Here are a few things that any your managers can do when dealing with this difficult employee:
1. Take out the emotion
Try and take a step back and breathe. The problem can be remedied, and it’s having that end in sight and the knowing this problem will go away. Either by the individual changing their behaviour or they won’t. If they won’t then it’s sometimes easier to deal with as you know it’s not because of you, it’s purely because they can’t or they choose not to. Either way, it cannot be sustained. You cannot keep your focus off your other direct reports and putting all your energy and emotion into this one employee, it’s not sustainable in the long term.
2. Listen carefully
Our everyday work lives distract us away from what is going on under our noses. Often, it is human nature to try and ignore the little things and concentrate on the project at hand or current objective. However, some of the best managers will actively look to improve the situation, help the individual to perform better and change, seeking out an understanding of where these behaviours or performance levels have come from. Once you have this knowledge, it becomes easier to add mechanisms to help the changes to take place. Having an open door policy or just being that ear for that employees can sometimes be that saving grace. You can sometimes offer your point of view, or a solution for the individual if it involves another colleague.
3. Always give feedback
It’s all to easy for managers to get together and talk about colleagues that are not performing well and rarely giving feedback to the individual, giving them the opportunity to change. But is that what we want? Do those conversations need to go on for years and years until resolved? How are those conversations impacting on the other manager and the way they manage their team? So it comes to a head one day after all this time, and the manager has thrown the towel in – ‘it’s them or me’ – goes through their head. Did this need to happen? Of course, giving feedback is difficult for the first few 10 times, but once you’ve done it once, it starts to become easier. Some individuals are just not aware. And you live in hope that they will take on board the feedback about their behaviour/conduct and want to remedy the situation, and nine times out of ten they will. Remember: feedback must contain the specific information that the individual will need in order to remedy their behaviour.

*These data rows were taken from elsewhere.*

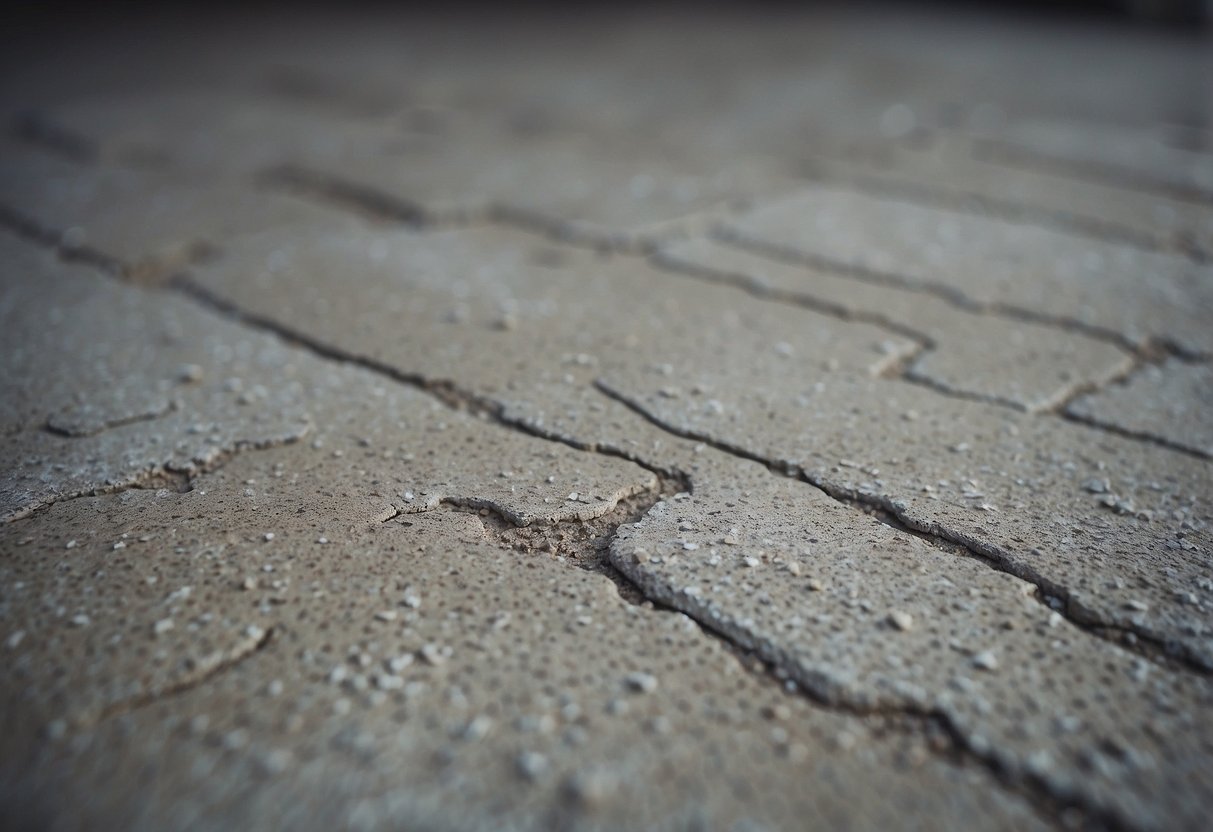 A cement floor with textured paint effects for home decor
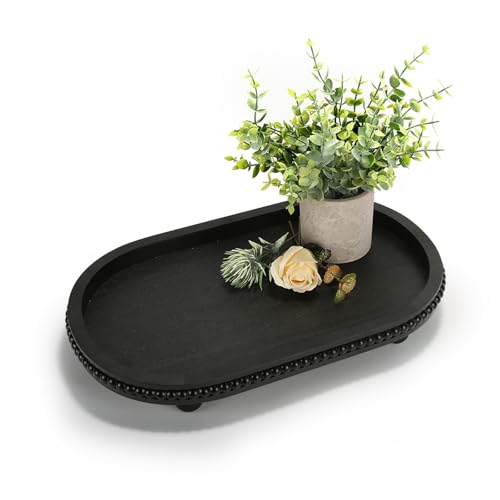SYNCVIBE Wooden Decorative Tray for Home Decor, Beaded Black Oval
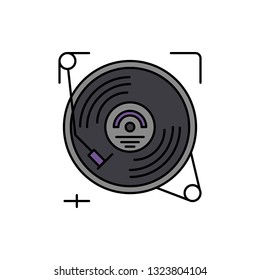 Gramophone, vinyl, audio icon. Element of color music studio equipment icon. Premium quality graphic design icon. Signs and symbols collection icon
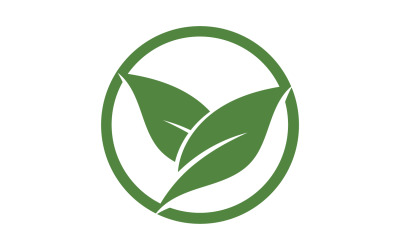 Logotipo fresco da natureza do chá verde da folha v33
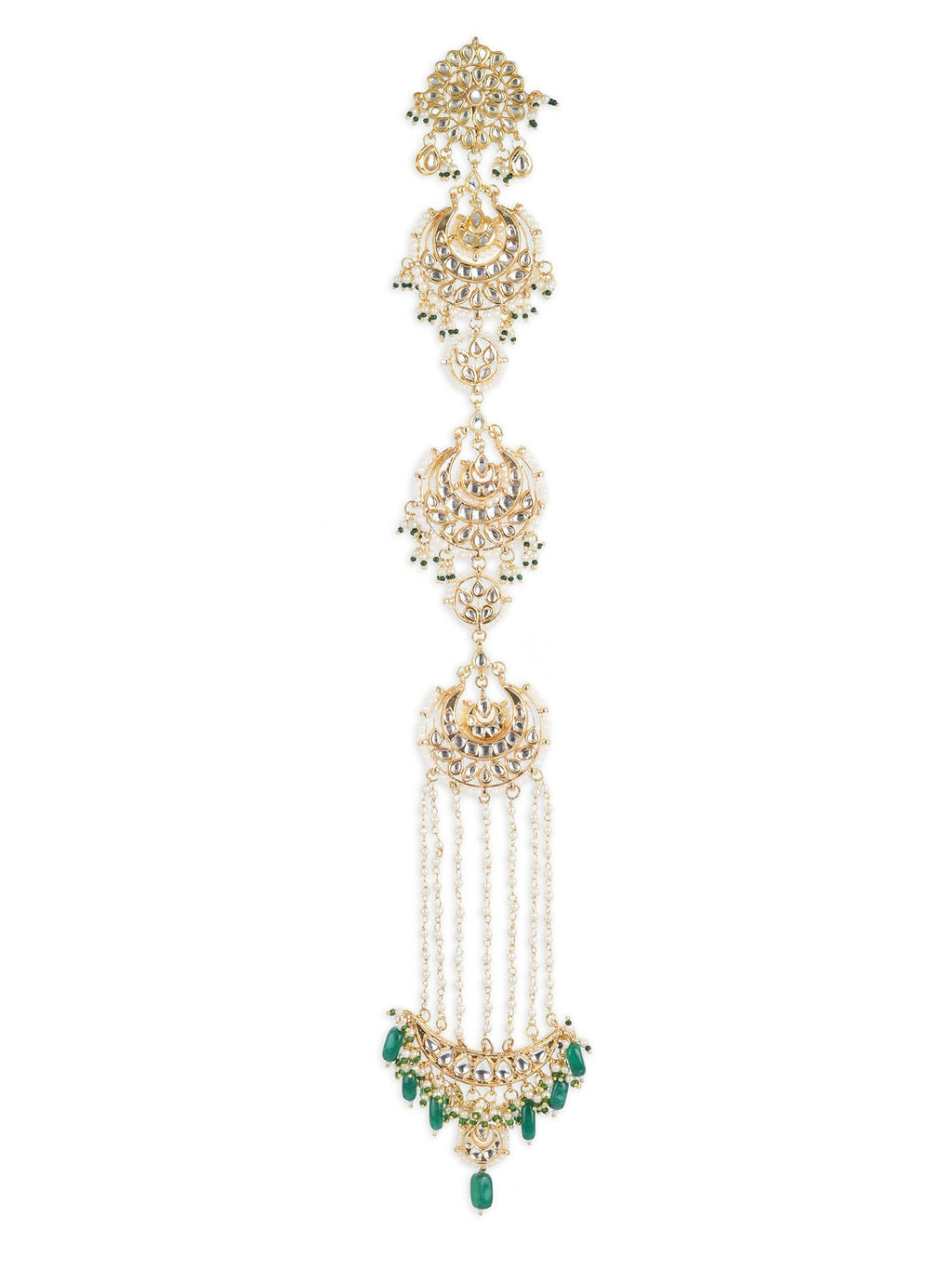 Gold-Plated Green Kundan Stone-Studded Head Chain - Ruby Raang - Distacart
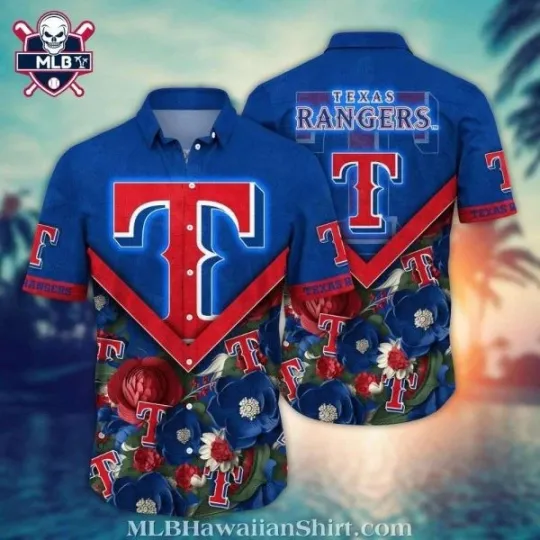 Texas Ranggerrs Bold Blue Floral Hawaiian Shirt, Gift for Fan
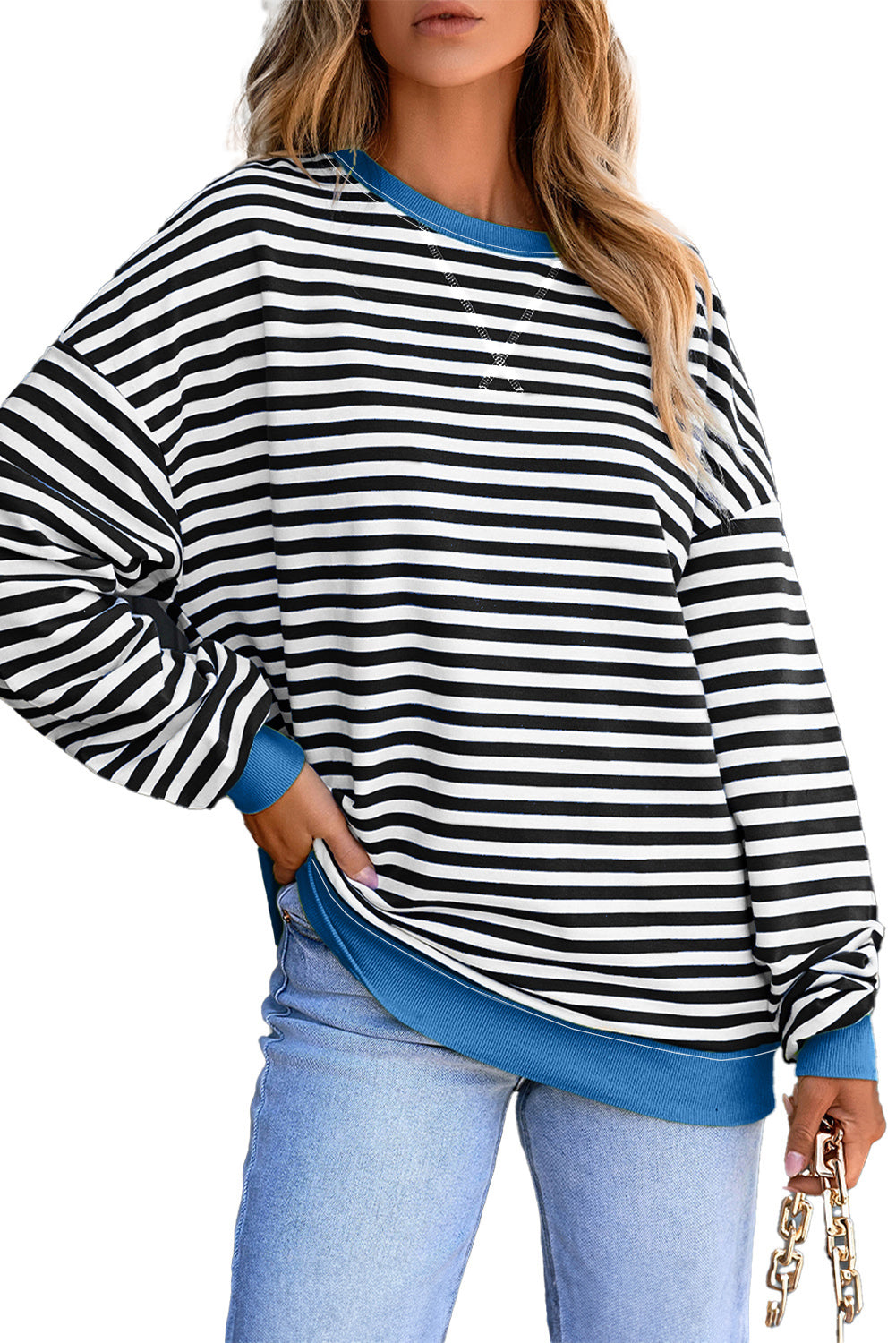 White Striped Contrast Trim Drop Shoulder Sweatshirt 0c00eab4ec8176ec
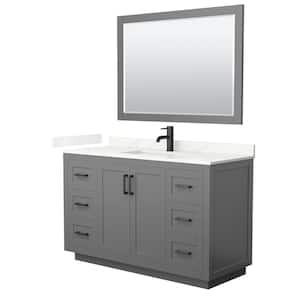 Miranda 54 in. W x 22 in. D x 33.75 in. H Single Bath Vanity in Dark Gray with Giotto Qt. Top and 46 in. Mirror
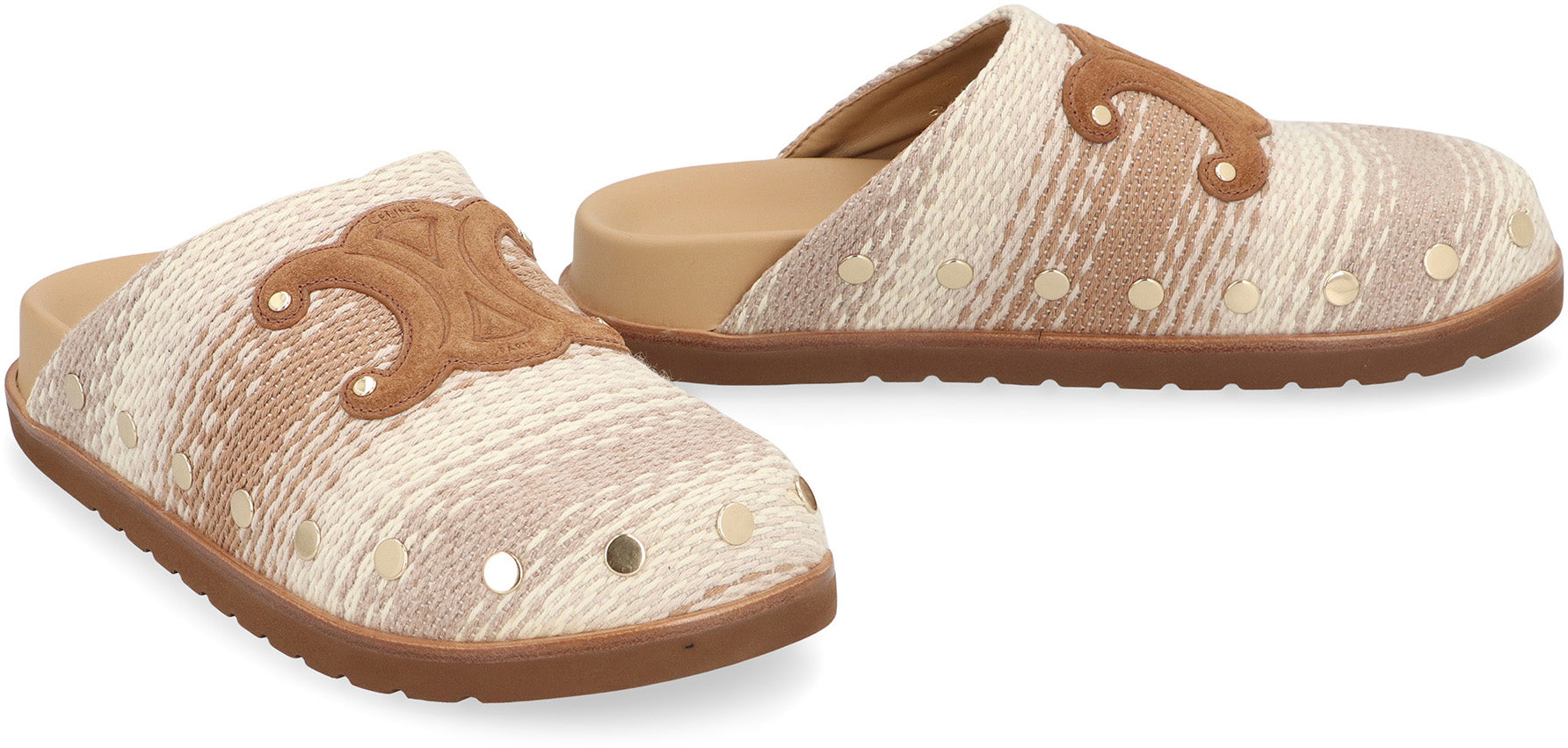 CELINE Cotton Fabric Flat Sandals for Women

4. Always record meetings and conversations
Do your level best to record conversations and meetings – key points relating to anything you address with the individual. If you don’t it will take a HR professional longer to help you conclude the case. You cannot progress to any dismissal stage unless there are records of employee’s being feedback concerns at an informal stage. Imagine if you were a manager inheriting a problem employee and they came with no records of the issues being dealt with. You would have to start at the beginning with this employee. This will ultimately impact on morale in your current team, upsetting the balance and cause under performance. Good managers will know that any record is better than no record. It is essential.
5. Be consistent with how you treat all employees.
If you have already addressed a particular behaviour, you cannot decide it’s now ok to accept it. If you tell one employee they cannot act a certain way, then you must be confident to tell another they can’t too. Employees will get confused, but also it will demonstrate that you are not a competent manager and your direct reports will have less respect for you than you would like, making it harder for you to manage them. Only set the expectations you are willing to review, feedback on and accept.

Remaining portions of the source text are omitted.